[The problem] Leave out every picture and set down, exactly, the lines below from the one holding "Mountain Creek Jewellery" up to and including the one holding "imageBABEYOND 1920s Shawl".

··· Data to process ···

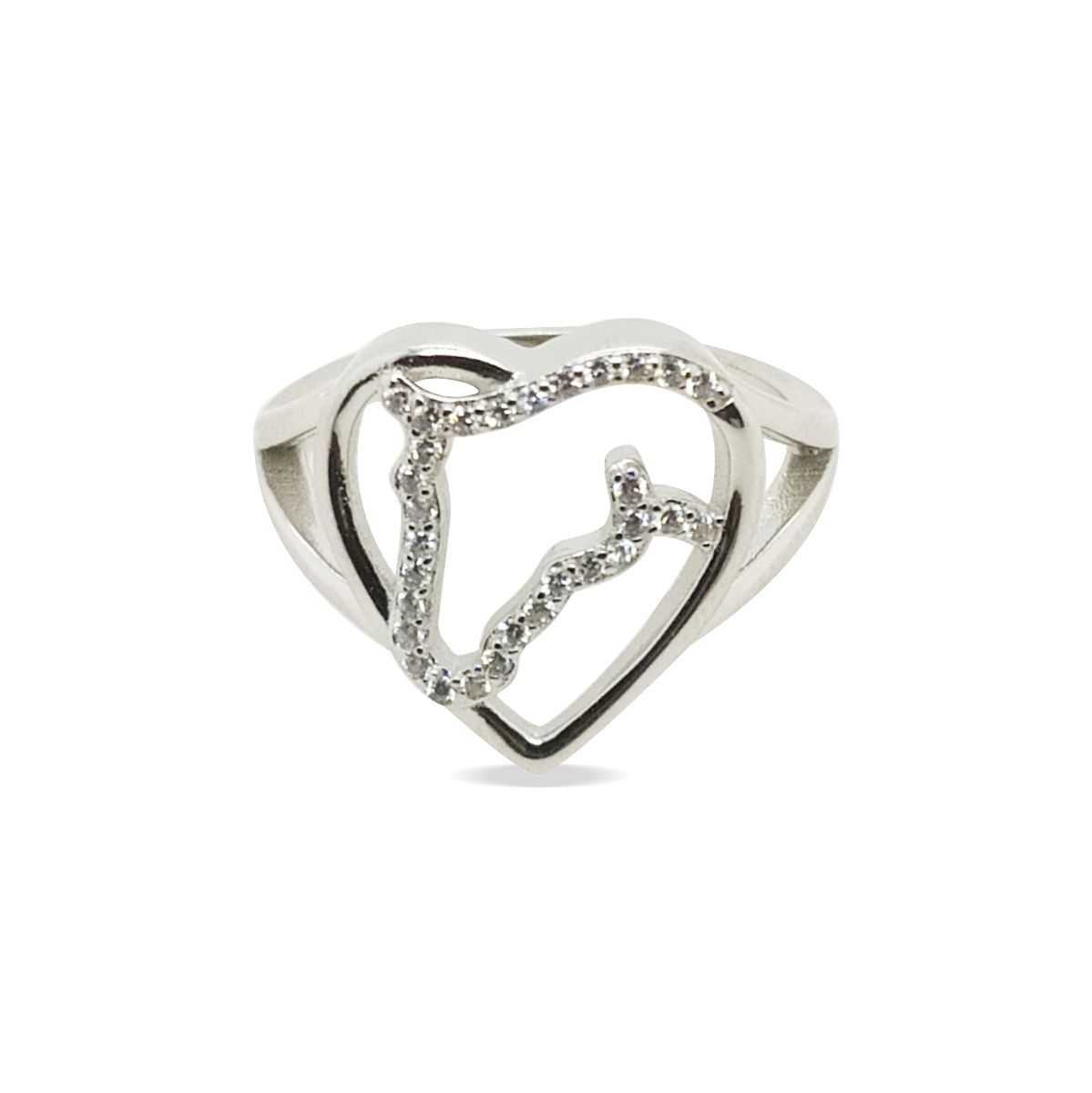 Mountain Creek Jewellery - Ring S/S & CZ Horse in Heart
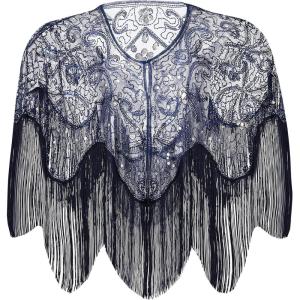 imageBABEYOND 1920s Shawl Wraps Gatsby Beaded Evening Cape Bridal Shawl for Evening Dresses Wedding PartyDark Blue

···
··· Data to process ···

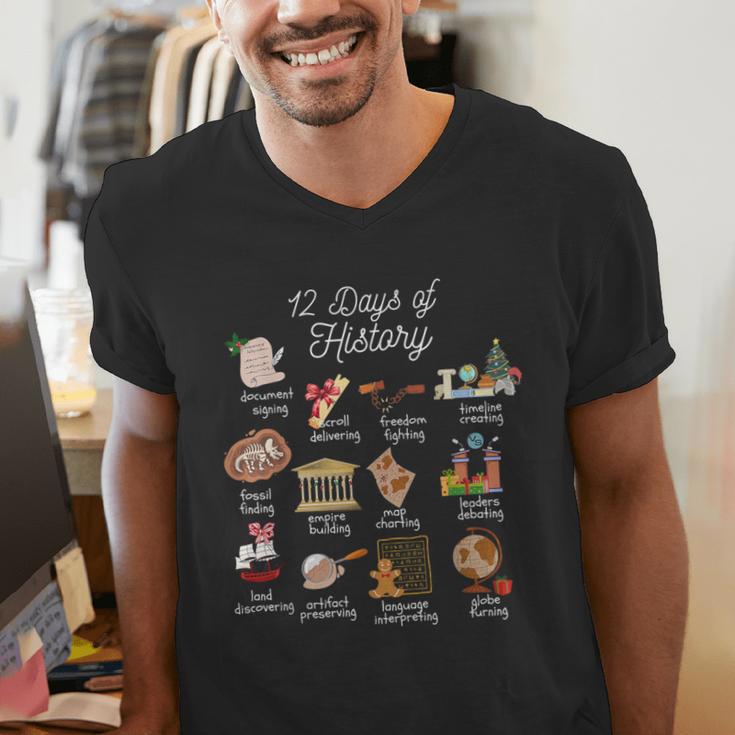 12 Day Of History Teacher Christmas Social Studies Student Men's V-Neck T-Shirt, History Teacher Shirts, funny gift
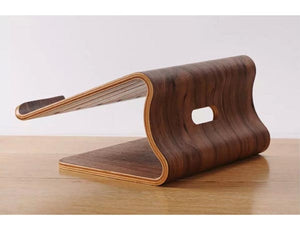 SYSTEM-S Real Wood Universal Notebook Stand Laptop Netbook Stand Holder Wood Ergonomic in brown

···
··· Data to process ···

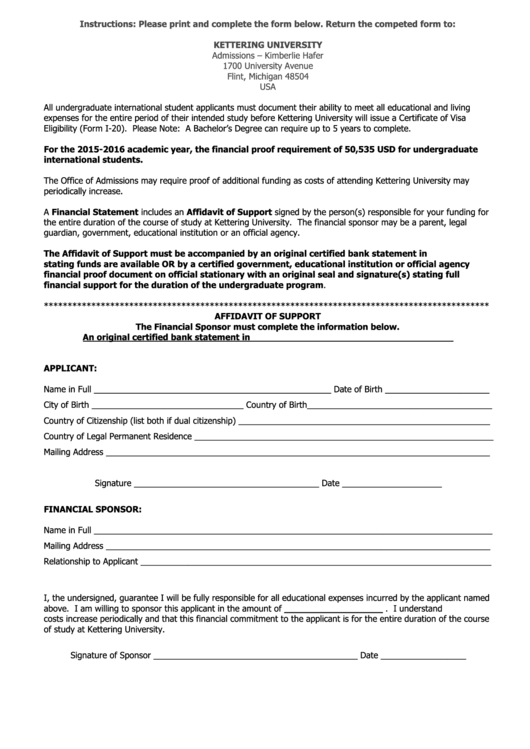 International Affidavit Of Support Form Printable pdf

···

[Exercise result]
 Mountain Creek Jewellery - Ring S/S & CZ Horse in Heart
 imageBABEYOND 1920s Shawl Wraps Gatsby Beaded Evening Cape Bridal Shawl for Evening Dresses Wedding PartyDark Blue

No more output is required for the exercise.